Whenever the string "Patties" turns up in a line of the data below, copy that line.
==== Input data
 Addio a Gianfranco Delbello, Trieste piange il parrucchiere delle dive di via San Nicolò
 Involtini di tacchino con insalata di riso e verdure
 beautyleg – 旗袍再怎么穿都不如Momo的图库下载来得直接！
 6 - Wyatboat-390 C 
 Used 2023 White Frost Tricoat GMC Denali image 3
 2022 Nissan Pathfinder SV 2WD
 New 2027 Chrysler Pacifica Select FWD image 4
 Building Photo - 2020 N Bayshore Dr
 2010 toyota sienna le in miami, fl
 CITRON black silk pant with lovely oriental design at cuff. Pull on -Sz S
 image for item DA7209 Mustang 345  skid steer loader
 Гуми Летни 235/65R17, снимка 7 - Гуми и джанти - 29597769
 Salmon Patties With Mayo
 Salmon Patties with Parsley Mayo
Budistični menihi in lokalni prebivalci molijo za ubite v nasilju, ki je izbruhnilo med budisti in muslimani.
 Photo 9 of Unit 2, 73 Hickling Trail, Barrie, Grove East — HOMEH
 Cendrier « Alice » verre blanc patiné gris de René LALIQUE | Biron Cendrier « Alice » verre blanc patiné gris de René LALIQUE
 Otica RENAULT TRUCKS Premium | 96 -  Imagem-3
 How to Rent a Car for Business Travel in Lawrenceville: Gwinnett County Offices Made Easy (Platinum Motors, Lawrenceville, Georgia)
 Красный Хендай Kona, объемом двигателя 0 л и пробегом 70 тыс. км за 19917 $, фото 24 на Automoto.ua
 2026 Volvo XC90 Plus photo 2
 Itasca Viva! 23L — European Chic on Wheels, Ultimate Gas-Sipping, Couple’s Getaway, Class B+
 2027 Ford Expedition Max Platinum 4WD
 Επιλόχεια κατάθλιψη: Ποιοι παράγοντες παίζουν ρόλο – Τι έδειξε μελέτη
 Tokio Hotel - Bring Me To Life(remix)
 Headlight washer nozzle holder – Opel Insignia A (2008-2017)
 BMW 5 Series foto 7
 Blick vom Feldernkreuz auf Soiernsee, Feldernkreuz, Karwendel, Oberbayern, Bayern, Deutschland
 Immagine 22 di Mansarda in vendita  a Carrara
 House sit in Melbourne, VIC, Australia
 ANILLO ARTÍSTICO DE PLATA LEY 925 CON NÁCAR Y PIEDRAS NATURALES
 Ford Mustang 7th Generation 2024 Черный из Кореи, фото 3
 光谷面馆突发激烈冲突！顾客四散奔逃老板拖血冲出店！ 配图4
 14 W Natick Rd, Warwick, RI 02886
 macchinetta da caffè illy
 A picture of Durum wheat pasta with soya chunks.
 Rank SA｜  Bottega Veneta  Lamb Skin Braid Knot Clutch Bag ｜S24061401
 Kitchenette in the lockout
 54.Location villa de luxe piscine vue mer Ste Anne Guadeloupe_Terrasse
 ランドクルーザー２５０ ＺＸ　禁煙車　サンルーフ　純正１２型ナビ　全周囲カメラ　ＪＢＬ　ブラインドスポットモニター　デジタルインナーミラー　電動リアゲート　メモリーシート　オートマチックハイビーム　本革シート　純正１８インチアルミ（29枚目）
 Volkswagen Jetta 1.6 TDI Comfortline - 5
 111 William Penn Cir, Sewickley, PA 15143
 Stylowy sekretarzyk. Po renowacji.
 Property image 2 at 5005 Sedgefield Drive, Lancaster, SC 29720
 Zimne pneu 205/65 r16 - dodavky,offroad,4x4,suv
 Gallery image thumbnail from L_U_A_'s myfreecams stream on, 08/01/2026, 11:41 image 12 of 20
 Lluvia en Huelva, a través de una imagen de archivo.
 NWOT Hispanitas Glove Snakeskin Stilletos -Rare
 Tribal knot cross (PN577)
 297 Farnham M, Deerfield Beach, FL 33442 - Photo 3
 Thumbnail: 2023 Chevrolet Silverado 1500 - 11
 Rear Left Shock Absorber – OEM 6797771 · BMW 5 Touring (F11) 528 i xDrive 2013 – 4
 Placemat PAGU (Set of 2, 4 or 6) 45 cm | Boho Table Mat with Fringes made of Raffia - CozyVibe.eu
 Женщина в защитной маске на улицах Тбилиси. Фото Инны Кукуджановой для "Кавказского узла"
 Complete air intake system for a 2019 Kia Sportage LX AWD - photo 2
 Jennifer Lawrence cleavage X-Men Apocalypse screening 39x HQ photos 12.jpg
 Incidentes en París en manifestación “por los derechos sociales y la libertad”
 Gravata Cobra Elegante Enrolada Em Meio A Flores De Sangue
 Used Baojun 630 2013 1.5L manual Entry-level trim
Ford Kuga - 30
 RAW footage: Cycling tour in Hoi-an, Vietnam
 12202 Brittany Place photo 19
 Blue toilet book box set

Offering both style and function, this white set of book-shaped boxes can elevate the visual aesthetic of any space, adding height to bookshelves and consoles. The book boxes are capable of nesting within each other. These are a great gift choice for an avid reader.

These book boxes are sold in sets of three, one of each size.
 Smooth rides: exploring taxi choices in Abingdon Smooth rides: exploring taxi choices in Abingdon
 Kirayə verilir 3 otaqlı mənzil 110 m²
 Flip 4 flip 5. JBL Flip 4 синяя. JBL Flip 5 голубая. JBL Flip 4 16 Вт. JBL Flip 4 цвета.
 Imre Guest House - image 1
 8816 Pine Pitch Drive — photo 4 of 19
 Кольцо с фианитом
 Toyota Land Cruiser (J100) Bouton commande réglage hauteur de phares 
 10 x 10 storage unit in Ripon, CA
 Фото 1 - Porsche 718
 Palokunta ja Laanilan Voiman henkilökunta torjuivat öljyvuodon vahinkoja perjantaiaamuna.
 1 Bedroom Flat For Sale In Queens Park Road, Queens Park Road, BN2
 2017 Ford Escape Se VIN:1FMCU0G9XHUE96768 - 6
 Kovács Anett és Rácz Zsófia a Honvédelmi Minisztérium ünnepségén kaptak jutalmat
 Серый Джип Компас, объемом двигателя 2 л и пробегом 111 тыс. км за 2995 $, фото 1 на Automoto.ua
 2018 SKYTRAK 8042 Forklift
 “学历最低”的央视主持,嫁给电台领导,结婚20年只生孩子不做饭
========
Task response:
 Salmon Patties With Mayo
 Salmon Patties with Parsley Mayo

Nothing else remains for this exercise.